Vladimir Putin rejects claims of Russia interfering in U.S. election
MOSCOW -- President Vladimir Putin on Thursday dismissed claims that Russia is interfering in the U.S. presidential election, saying the allegations are designed to distract the public from real issues.
The United States has accused Russia of coordinating the hacks of Hillary Clinton’s campaign emails to influence the outcome of the election.
Speaking to international foreign policy experts in Sochi, Putin dismissed “the hysteria about Russia’s influence on the U.S. presidential election.”
He argued that U.S. elites have used the “mythical and fictitious” issue to distract attention from real problems such as government debt and police violence.
“Does anyone seriously think Russia can somehow influence the American people’s choice?” Putin said. “Is America some kind of banana republic? America is a great power!”
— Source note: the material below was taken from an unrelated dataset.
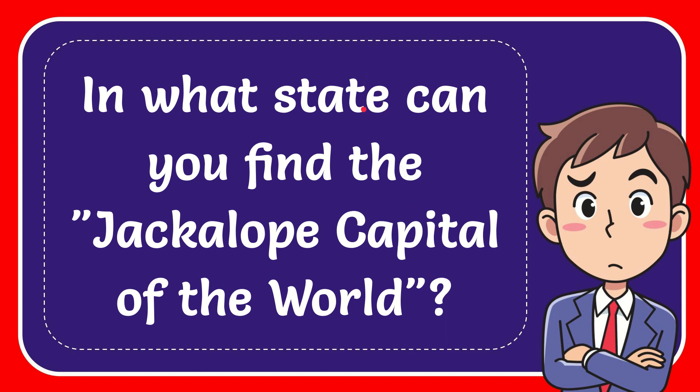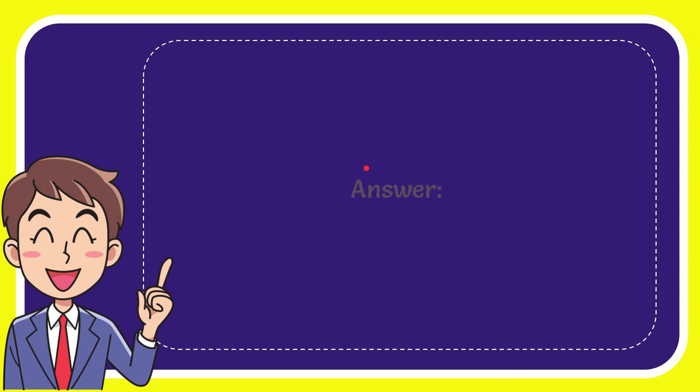In this video I'm going to give you the answer for this question: In what state can you find the Jackalope Capital of the world? I will give the answer for this question.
Putin called the claim that Russia favors Republican contender Donald Trump in the race as “sheer nonsense” that has served as a campaign tool. “It’s just an instrument of political struggle, a way of manipulating public opinion,” he said.
The Russian leader added that while Trump may sound “extravagant,” he was trying to reach out to people who are tired of elites, and “time will tell how efficient it is for him.”
“We don’t know how Trump or Clinton will behave, what they will or will not deliver,” he said. “We feel more or less indifferent about it.”
Putin added that it’s not clear what stance the next U.S. president will take toward Russia, but added that Moscow welcomes campaign statements about normalizing ties.
“We will work with any president who will be elected by the American people,” he said.
Speaking Wednesday evening at the University of Chicago Institute of Politics, U.S. Secretary of State John Kerry insisted that Washington has no doubts of direct Russian involvement in the hacking.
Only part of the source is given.